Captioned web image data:
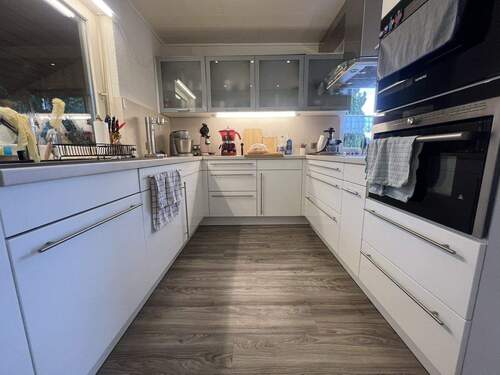 Einbauküche mit Markengeräten - 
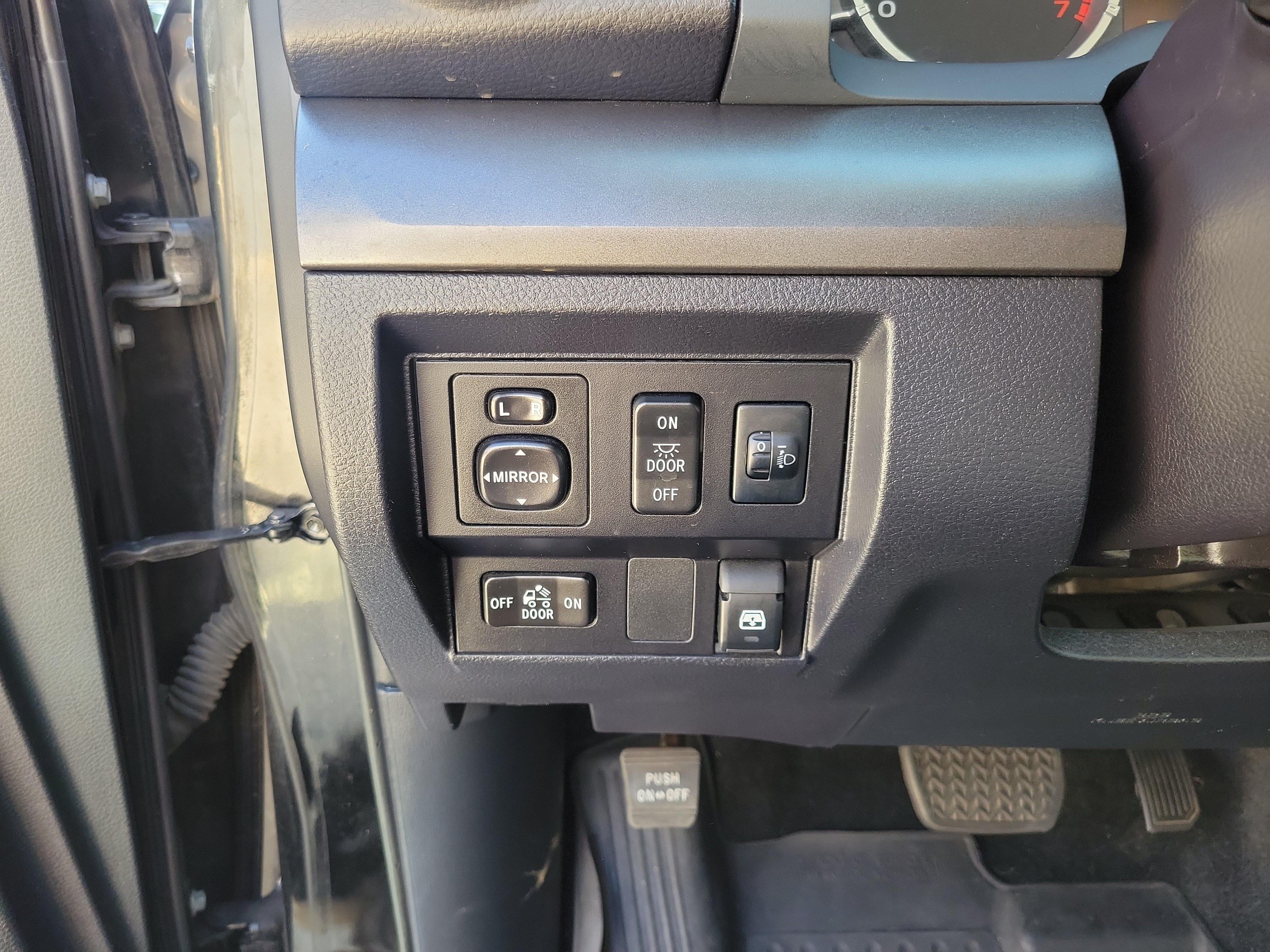 Used 2017 Toyota Tundra SR5 w/ SR5 Upgrade Package AWD/4WD image 11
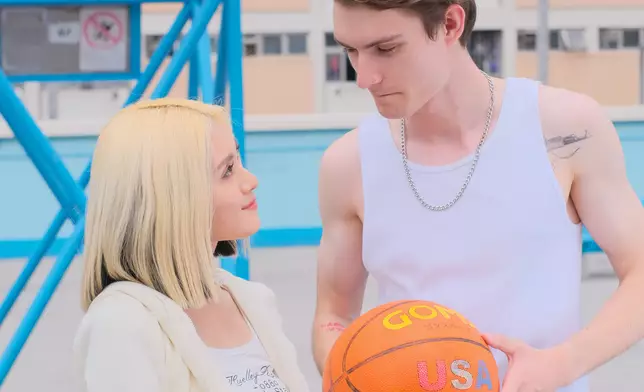 新歌加入父女二人的趣事。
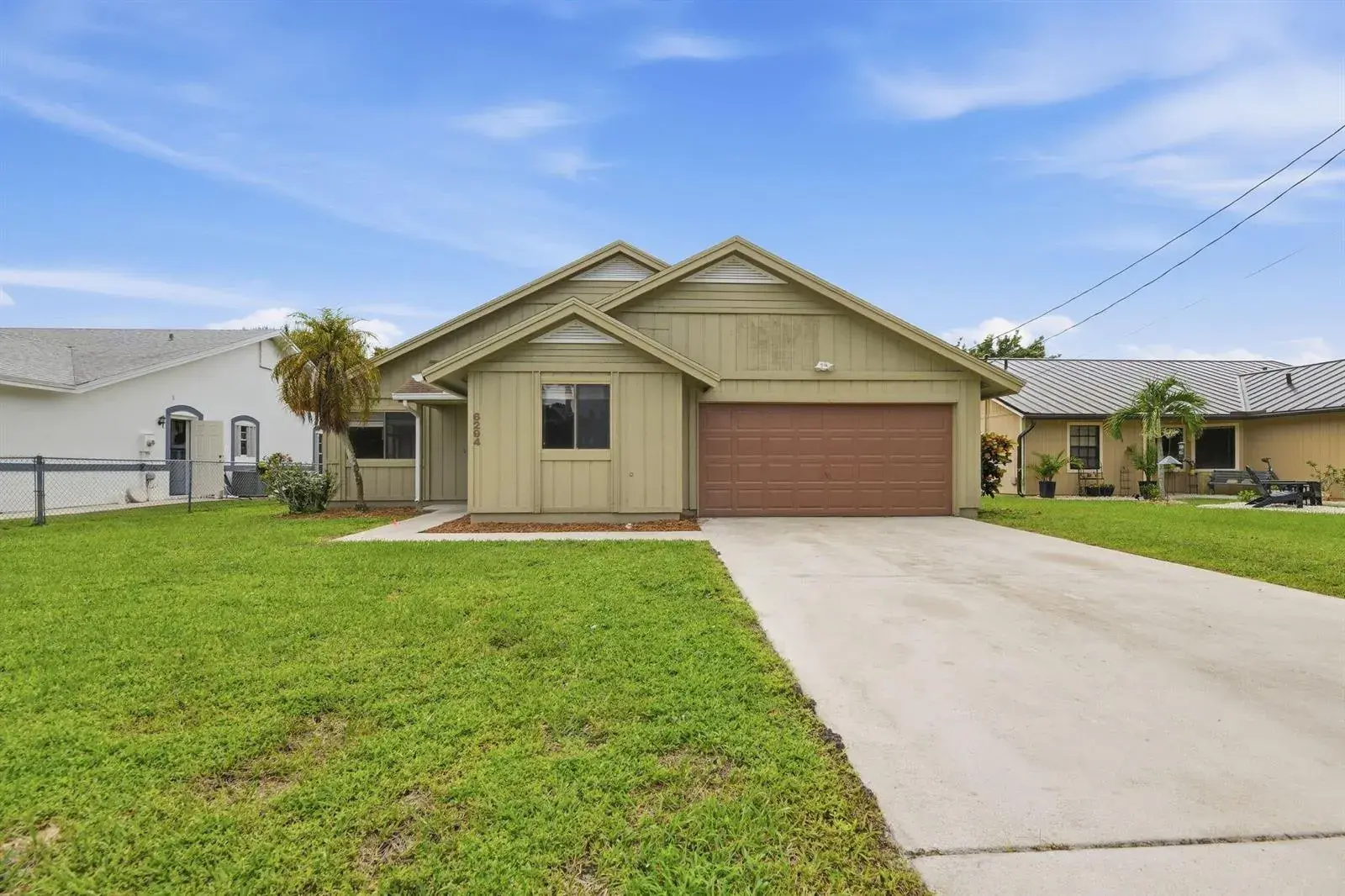 3 bedroom 2 bath Residential for sale at 6294 LESLIE Street, Jupiter FL 33458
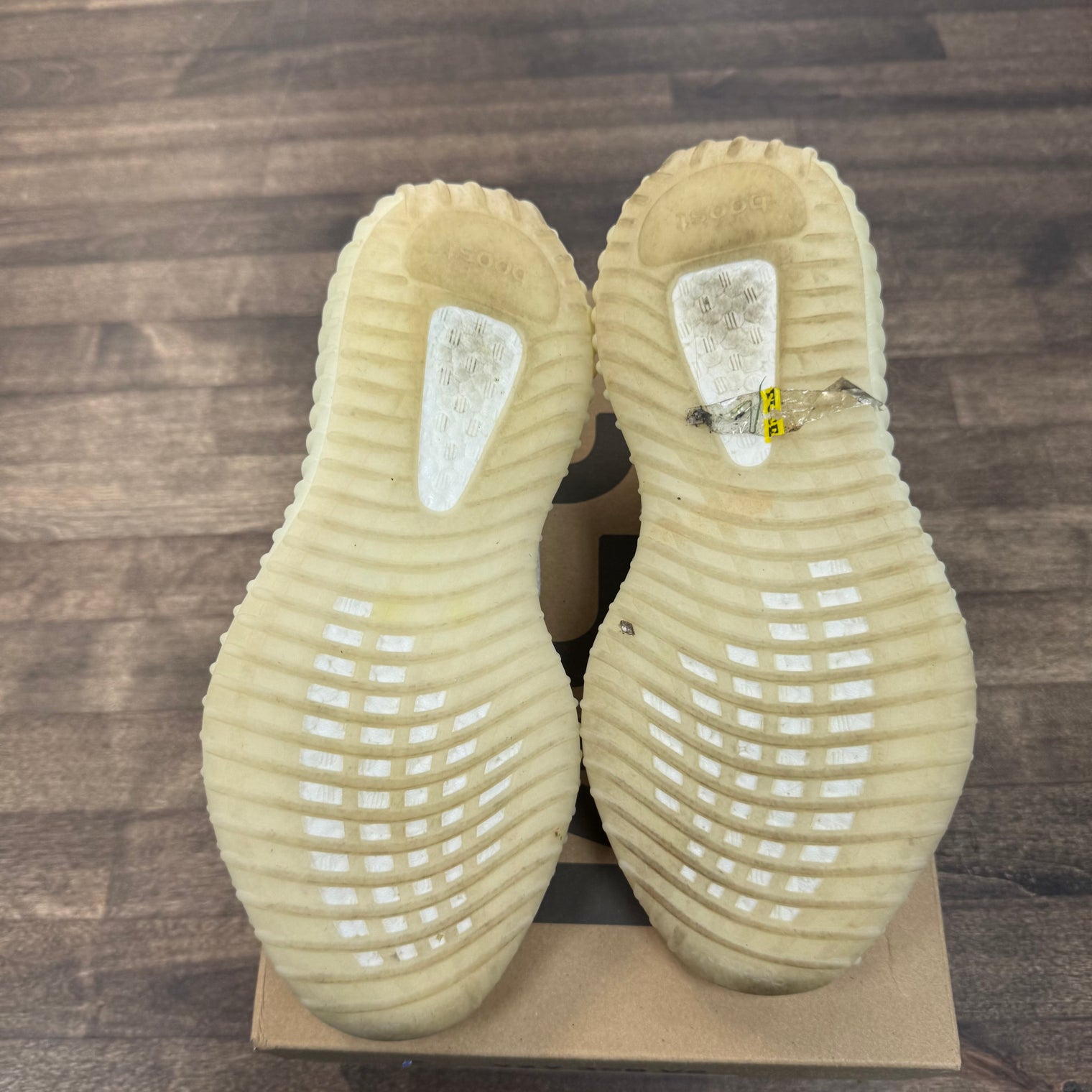 Bone Yeezy 350 (USED)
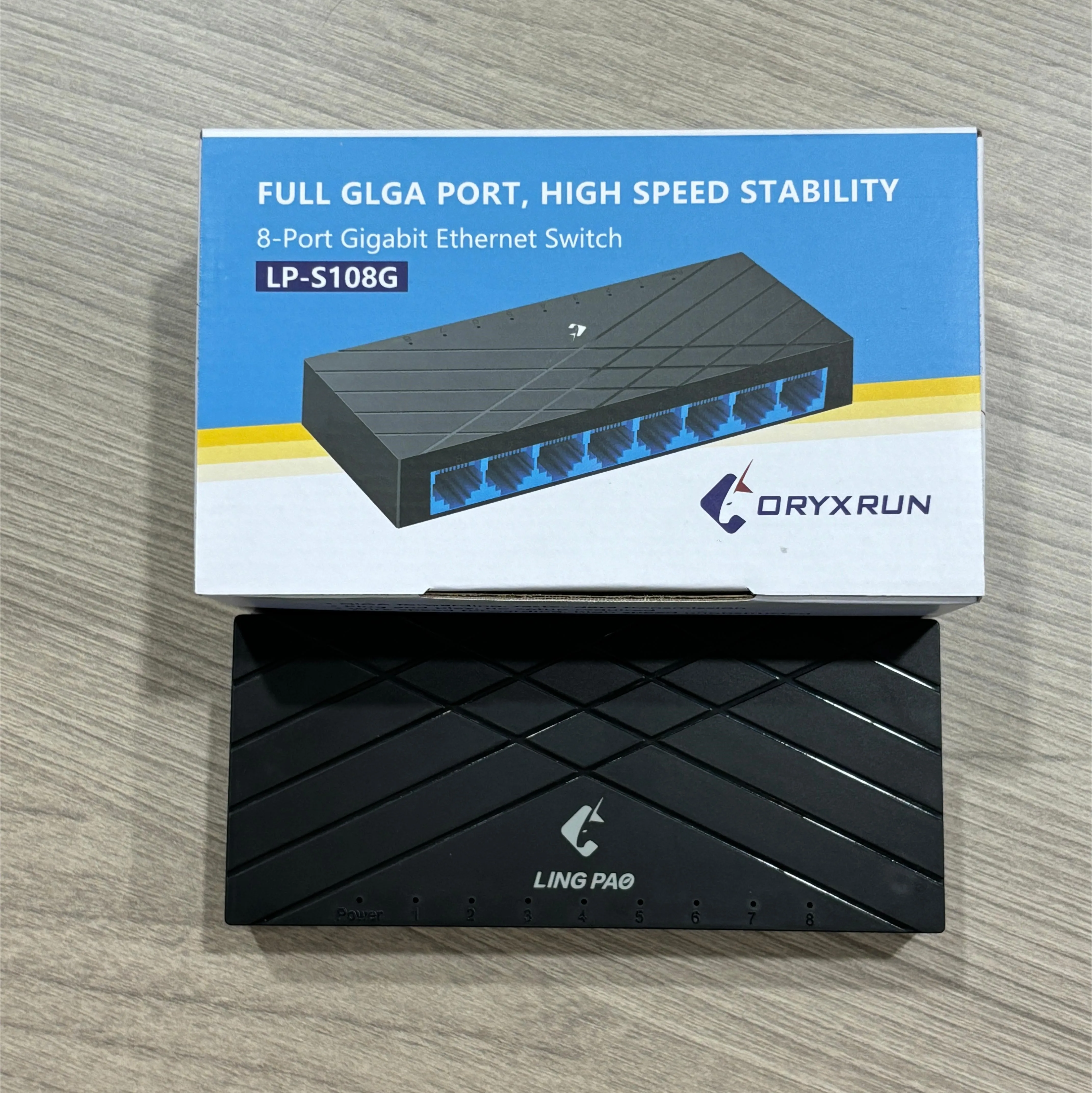 8-Port Gigabit Ethernet Desktop Switch with US Plug - High-Speed Wired Network Connectivity
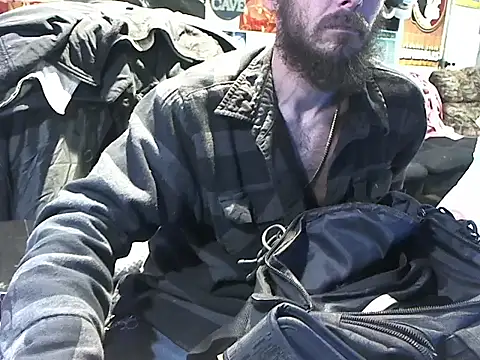 Snapshot of CloudDadddyyy420 chatting on 01.07.25 CloudDadddyyy420 online show from 01.07.25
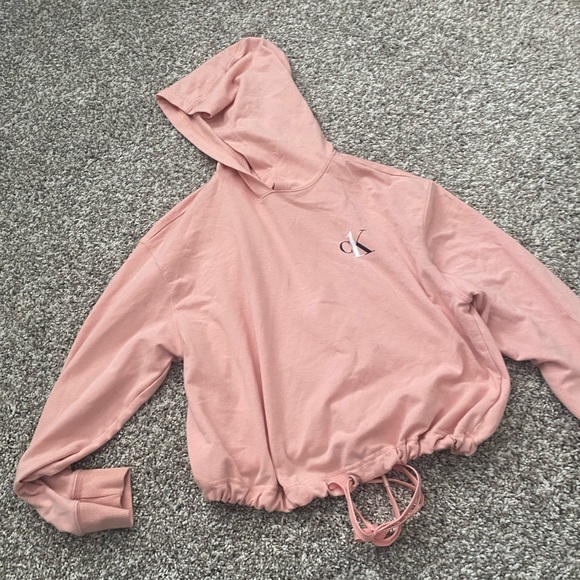 Calvin Klein crop hoodie size M - Picture 2 of 2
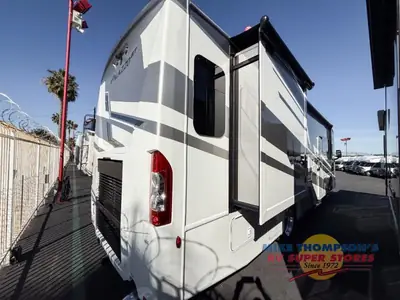 2026 Thor Motor Coach Palazzo GT photo 6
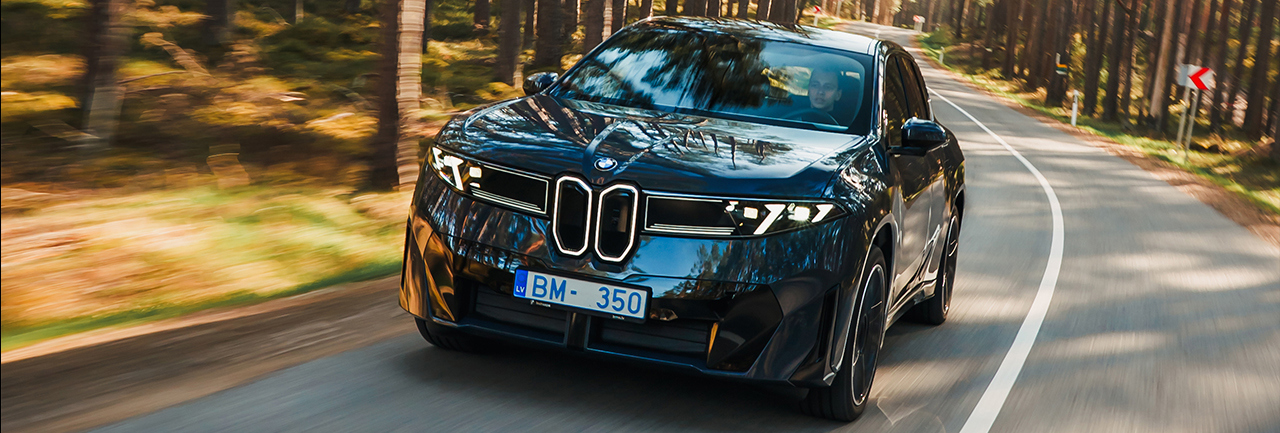 BMW X5 – IKONA, KAS NOSAKA STANDARTUS.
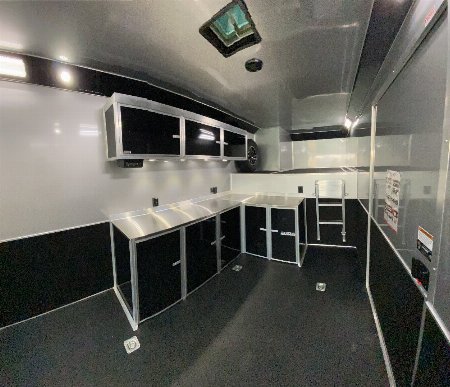 Used 2020 Bravo 48’ Icon Gooseneck Race Trailer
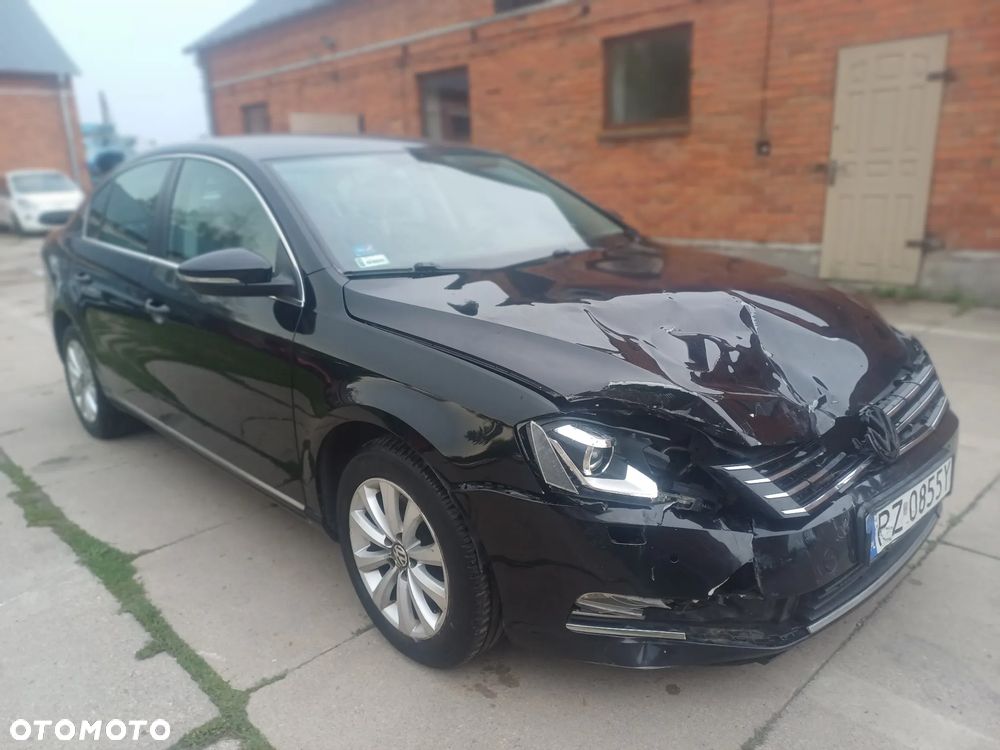 Volkswagen Passat - 1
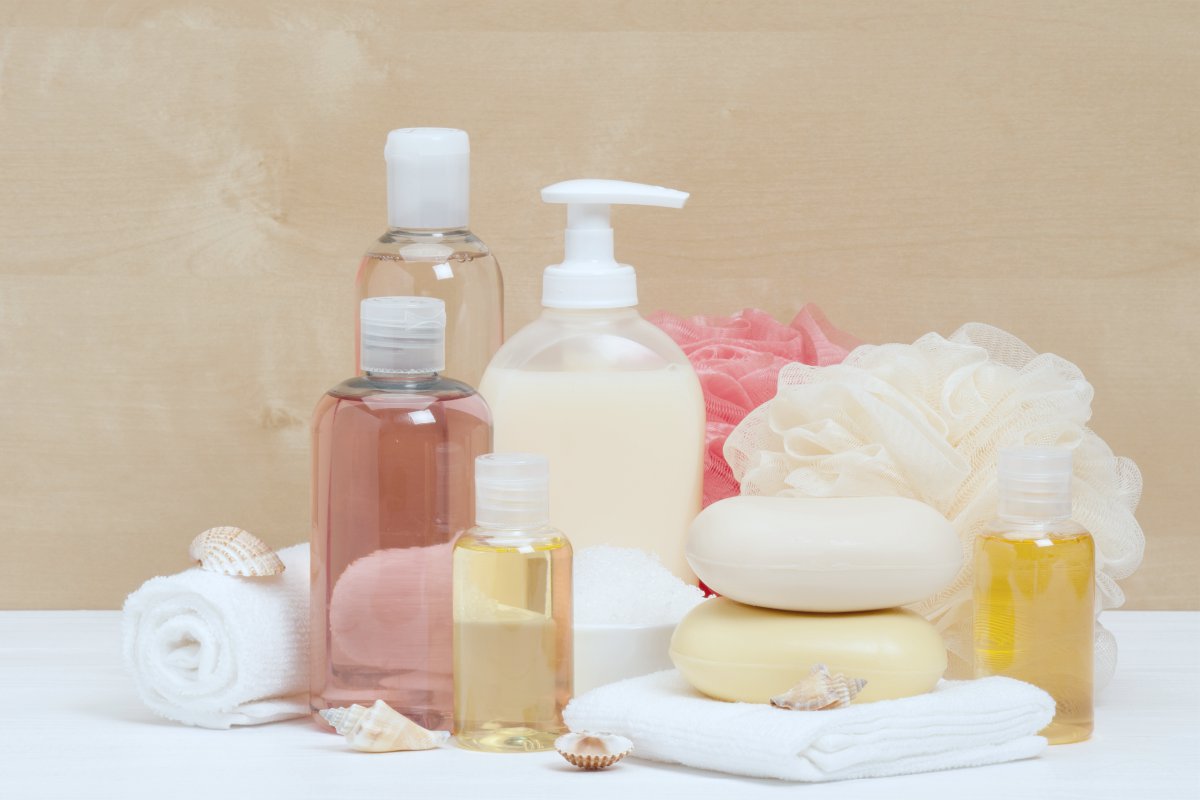 shampoo soap and other toiletries | Top Things Every Motel Room Should Have | motel room | items for motel rooms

ACTION ITEM:
Now write out the data word for word, skipping every picture in it.

RESPONSE FOR THIS EXERCISE:
 Einbauküche mit Markengeräten - 
 Used 2017 Toyota Tundra SR5 w/ SR5 Upgrade Package AWD/4WD image 11
 新歌加入父女二人的趣事。
 3 bedroom 2 bath Residential for sale at 6294 LESLIE Street, Jupiter FL 33458
 Bone Yeezy 350 (USED)
 8-Port Gigabit Ethernet Desktop Switch with US Plug - High-Speed Wired Network Connectivity
 Snapshot of CloudDadddyyy420 chatting on 01.07.25 CloudDadddyyy420 online show from 01.07.25
 Calvin Klein crop hoodie size M - Picture 2 of 2
 2026 Thor Motor Coach Palazzo GT photo 6
 BMW X5 – IKONA, KAS NOSAKA STANDARTUS.
 Used 2020 Bravo 48’ Icon Gooseneck Race Trailer
 Volkswagen Passat - 1
 shampoo soap and other toiletries | Top Things Every Motel Room Should Have | motel room | items for motel rooms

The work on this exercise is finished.